HÉPATOLOGIE
Quel est votre diagnostic ?
Auteur(s) : Pierre Guigo*, Nora Bouhsina**, Juan Hernandez***, Alexis Bertrand****
Fonctions :
*Oniris
101, route de Gachet
44300 Nantes
**Clinique vétérinaire
Benjamin-Franklin
38, rue du Danemark
ZA Porte Océane
56400 Brech
Un chien épagneul tibétain non stérilisé, âgé de 11 mois, est référé pour l’exploration de troubles nerveux chroniques. L’anamnèse fait état de deux crises, caractérisées par un ptyalisme, une désorientation et une marche en cercle, survenues cinq mois puis une semaine avant la présentation. Depuis la première crise, l’animal est apathique et présente des vomissements hebdomadaires, ainsi que des épisodes de constipation et des fèces de couleur noire. La seule anomalie relevée à l’examen clinique est l’état stuporeux de l’animal.
Le contexte anamnestique et clinique conduit à envisager l’hypothèse d’une origine métabolique, et en particulier une anomalie vasculaire hépatique congénitale.
Une échographie abdominale est réalisée.

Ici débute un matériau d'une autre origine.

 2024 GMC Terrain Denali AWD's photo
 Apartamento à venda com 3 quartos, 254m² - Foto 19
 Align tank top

Les coupes longitudinale et transversale de la veine porte sont présentées ici (photos 1 et 2).
→ Les images échographiques sont de bonne qualité, la définition et le gain permettent de distinguer nettement les différentes structures et notamment d’étudier la vascularisation porte.
→ L’échographie abdominale révèle une discrète néphromégalie bilatérale et de nombreuses lithiases vésicales. Le foie apparaît de taille subjectivement diminuée, mais présente un parenchyme homogène à l’échogénicité normale. Un vaisseau sanguin aberrant d’au moins 8 mm de diamètre est visualisé entre la veine porte et la veine cave caudale. Son trajet, court et légèrement tortueux, s’étend sur environ 1 cm de long. Il prend son origine au niveau de la veine porte et s’abouche dans la veine cave caudale, cranialement à la veine rénale droite. Le flux au sein du vaisseau est rétrograde. La veine porte présente un diamètre diminué cranialement à ce vaisseau, avec un ratio veine porte sur aorte (VP/Ao) de 0,46 versus 1,1 caudalement à ce vaisseau (valeurs usuelles de 0,7 à 1,25) [3].

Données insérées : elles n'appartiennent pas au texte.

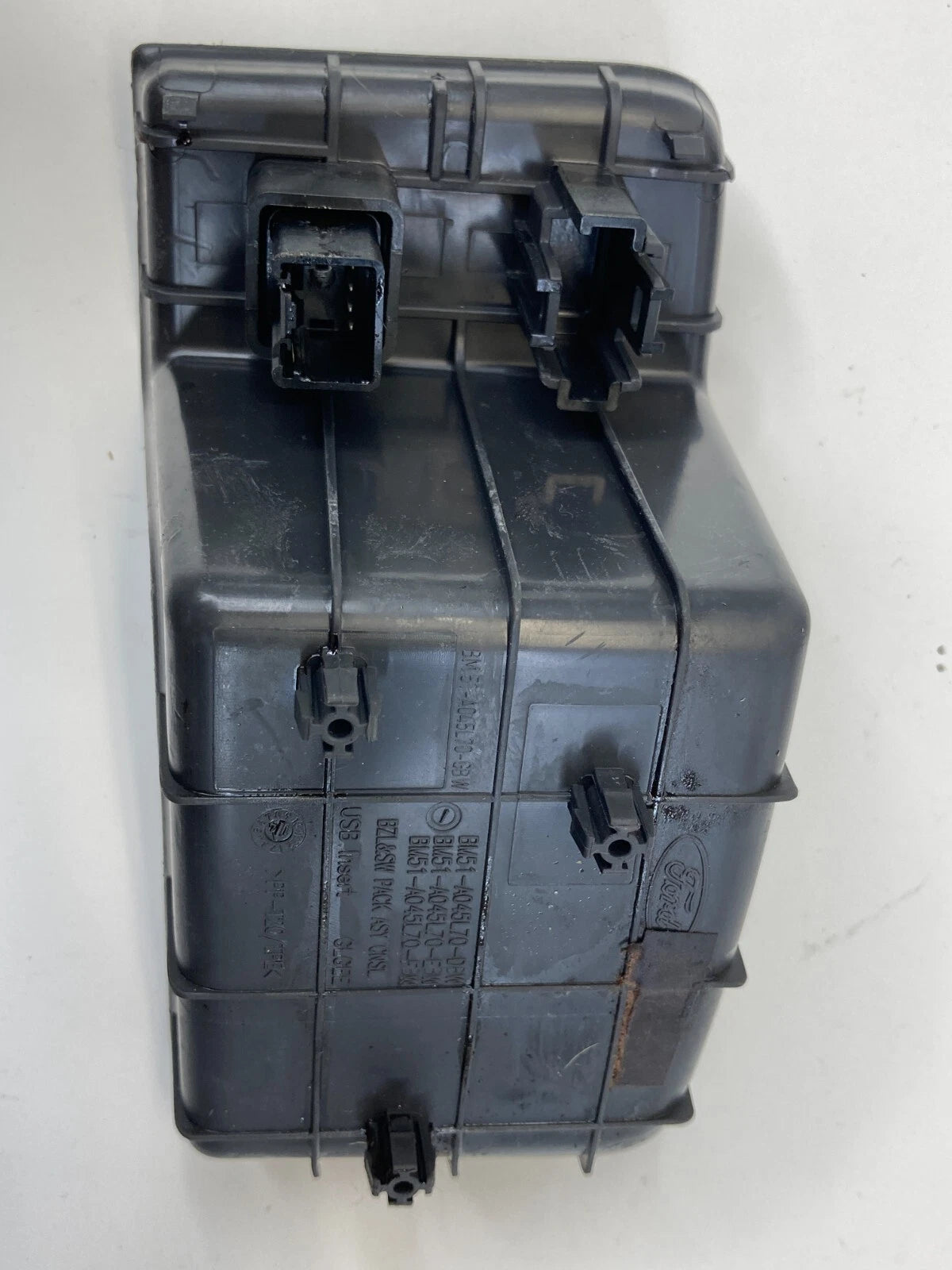 2012-2014 FORD FOCUS CONSOLE STORAGE POCKET INSERT TRAY OEM FACTORY BM51-A045L70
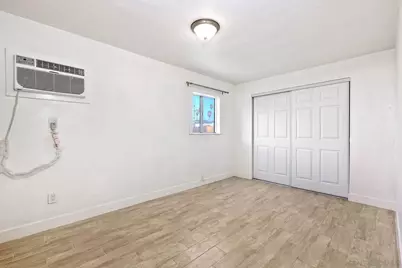  905 W Washington Ave, El Cajon, CA 92020 - Photo 10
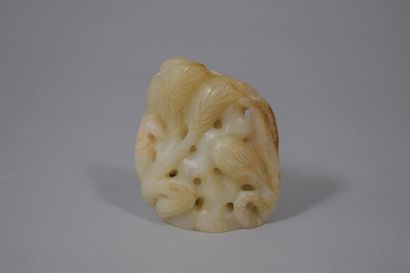 null Chine, début XXe siècle

Petit galet en jade blanc opaque, sculpté d'un daim...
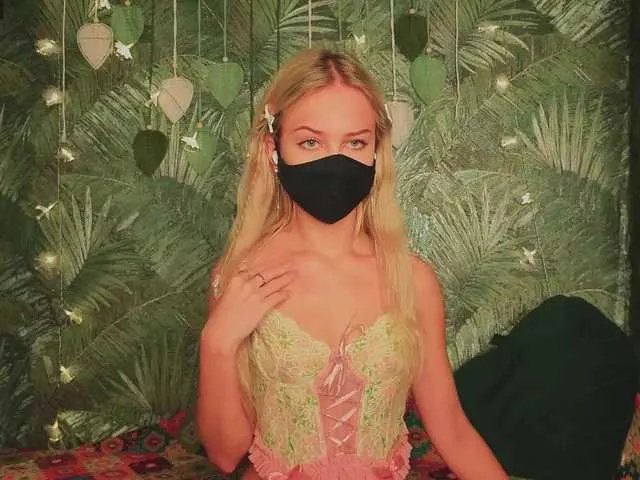 Offline Meeeeow on BongaCams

→ La microhépatie, la néphromégalie bilatérale et les lithiases vésicales sont les signes indirects d’une anomalie vasculaire hépatique. Un volumineux shunt porto-systémique de type porto-cave est identifié. Le ratio VP/Ao est diminué à l’entrée du foie, ce qui est rapporté lors de shunt porto-systémique extrahépatique. Un angioscanner abdominal précise la topographie gastro-cave gauche : naissance au niveau de la veine porte, latéralement à gauche en région de la veine gastrique gauche, et abouchement au sein de la veine cave caudale, latéralement à gauche (photo 3).
Conflit d’intérêts : Aucun
Le shunt porto-systémique est une communication vasculaire anormale entre la circulation porte et la circulation veineuse systémique qui court-circuite ainsi le parenchyme hépatique. Son expression clinique est souvent précoce et protéiforme, avec une prédominance de signes nerveux dus aux troubles métaboliques afférents (encéphalopathie hépatique) [4]. L’échographie affiche une sensibilité de 68 % et une spécificité de 84 % dans leur détection, encore accrues par le mode Doppler [1, 2]. L’association de trois critères indirects (microhépatie, néphromégalie bilatérale, urolithes) est fortement évocatrice. L’échographie permet de visualiser directement le shunt et d’étudier la cinétique des flux sanguins. L’observation d’un phénomène d’aliasing permet de mettre en évidence des turbulences dans la veine cave, ce qui aide à localiser plus précisément l’abouchement du shunt [1]. Un ratio VP/Ao inférieur à 0,65 est spécifique de la présence d’un shunt extrahépatique [1]. Dans tous les cas, seule la mise en évidence d’une communication aberrante entre les vascularisations porte et systémique permet un diagnostic de certitude [1]. L’angioscanner abdominal est l’examen de choix pour confirmer la présence du shunt, avec une sensibilité de 96 % et une spécificité de 89 % [2]. Il permet de préciser sa topographie, très souvent variable, et de vérifier l’absence d’une autre malformation vasculaire. Bien que le diagnostic soit généralement établi sur la base des coupes transversales, le recours à d’autres coupes et à des reconstructions permet d’optimiser la préparation de l’intervention chirurgicale [2].